Les complexes Fp(alcyne)+ analogues connaissent également des additions nucléophiles sous l'effet de divers nucléophiles à carbone, azote ou oxygène[23]. Les complexes π Fp(alcène)+ et Fp(alcyne)+ sont également assez acides au niveau respectivement des positions allyliques et propargyliques et peuvent être déprotonés avec des amines basiques telles que la triéthylamine Et3N pour donner les complexes σ neutres Fp–allyl et Fp–allényl[18] :
- Fp(η2-H2C=CHCH2CH3)+BF4− + Et3N ⟶ Fp–CH2CH=CHCH3 + Et3NH+BF4−.

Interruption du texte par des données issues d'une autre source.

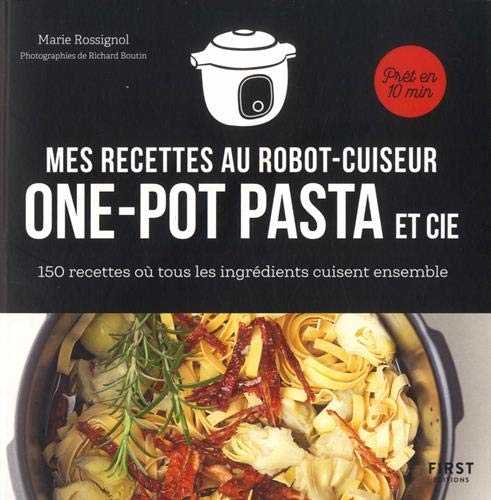 Mes recettes "one pot" et cie au robot cuiseur - 150 recettes où tous les ingrédients cuisent ensemble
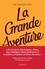 La grande aventure. Roman-poéme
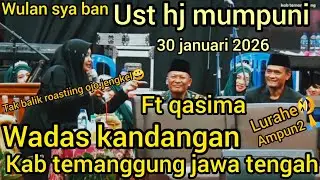 NGAJI BARENG UST HJ MUMPUNI- FT QASIMA.30 JAN 2026 DI DSN GROBOH WADAS KANDANGAN KAB TEMANGGUNG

Ces complexes Fp–allyl et Fp–allényl peuvent réagir avec des électrophiles cationiques E, tels que l'oxonium Me3O+, des carbocations, ou des ions oxocarbenium (en), pour réaliser des fonctionnalisations allyliques et propargyliques[18]. On a pu montrer que le complexe apparenté [Cp*Fe(CO)2(thf)]+[BF4]−, dans lequel Cp* désigne le ligand pentaméthylcyclopentadiényle (CH3)5C5 peut catalyser la fonctionnalisation C–H allylique et propargylique en combinant fonctionalisations électrophiles et déprotonations[24].
- Fp–CH2CH=CHCH3 + E+BF4− ⟶ Fp(η2-H2C=CHCH(E)CH3)+BF4−.
Les complexes η2-allényle du cation Fp+ et de cations (cyclopentadiényl)fer dicarbonyle substitués ont également été caractérisés, la cristallographie aux rayons X montrant une incurvation significative au niveau de l'atome de carbone allénique central (angle de liaison inférieur à 150°)[25] - [26].
Des réactifs à base de Fp ont été développés pour la cyclopropanation[27]. Le réactif principal est produit à partir de FpNa avec du thioéther et d'iodométhane CH3I, qui se conservent mieux que les intermédiaires de réactions de Simmons-Smith et les diazoalcanes.
L'utilisation de [FpCH2S(CH3)2]BF4 ne demande pas de conditions opératoires très particulières. L'addition de trichlorure de fer FeCl3 permet d'éliminer les sous-produits.
Des précurseurs de Fp=CH2+, comme le FpCH2OMe converti en carbène de fer par protonation, ont également été employés comme réactifs de cyclopropanation[28].
Fp2 connaît également des réactions photochimiques[29]. Il est par exemple réduit par le dimère de 1-benzyl-1,4-dihydronicotinamide, également noté (BNA)2, sous l'effet d'un rayonnement ultraviolet à 350 nm[30].